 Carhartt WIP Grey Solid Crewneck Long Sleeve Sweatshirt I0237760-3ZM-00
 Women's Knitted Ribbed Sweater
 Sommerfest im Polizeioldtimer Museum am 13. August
---
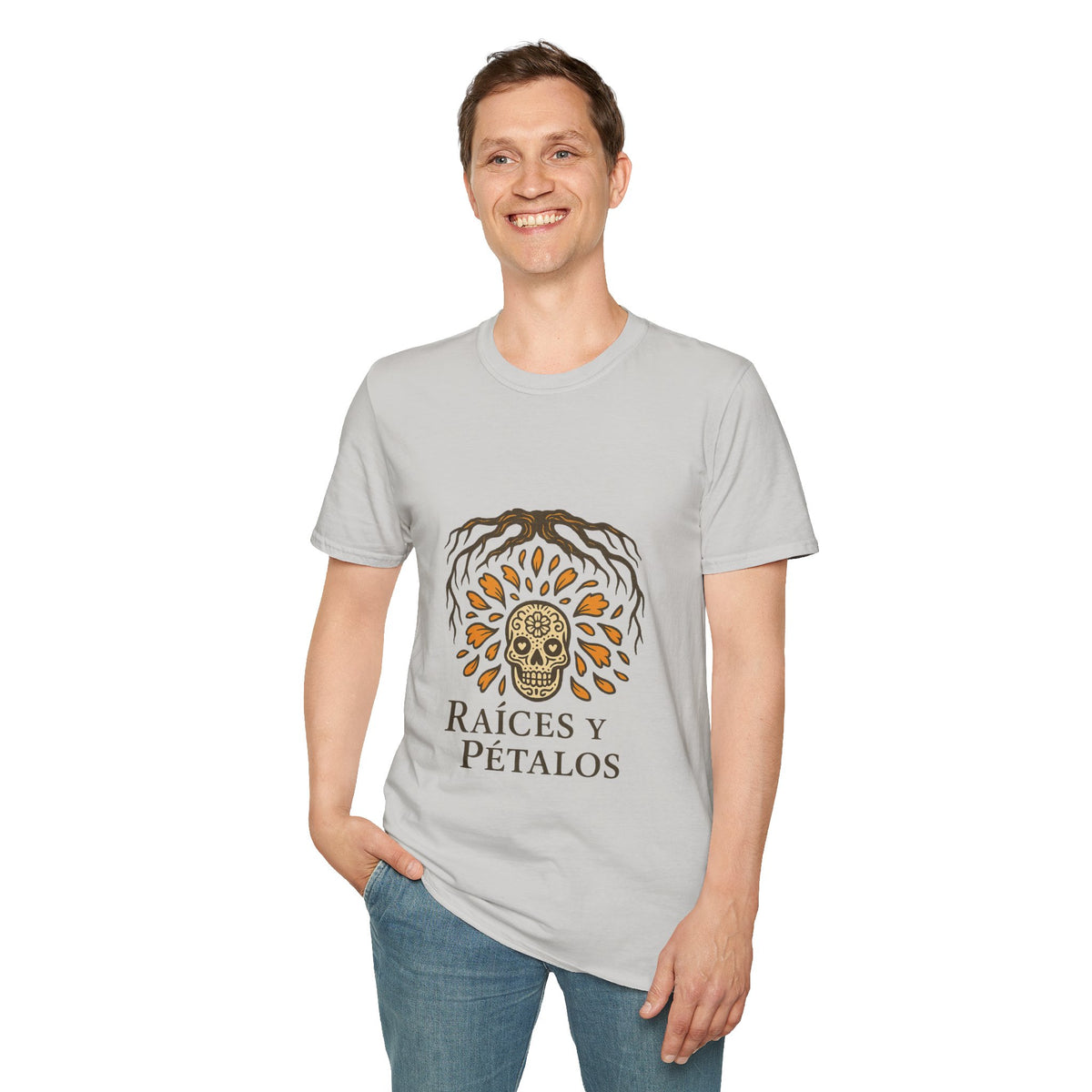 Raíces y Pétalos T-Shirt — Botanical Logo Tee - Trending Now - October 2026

[WHAT IS REQUIRED] In the material above, locate the line containing "Carhartt WIP Grey" and the line containing "Sommerfest im Polizeioldtimer". Transcribe exactly those two lines and every line between them, and nothing more.

[YOUR RESPONSE]
 Carhartt WIP Grey Solid Crewneck Long Sleeve Sweatshirt I0237760-3ZM-00
 Women's Knitted Ribbed Sweater
 Sommerfest im Polizeioldtimer Museum am 13. August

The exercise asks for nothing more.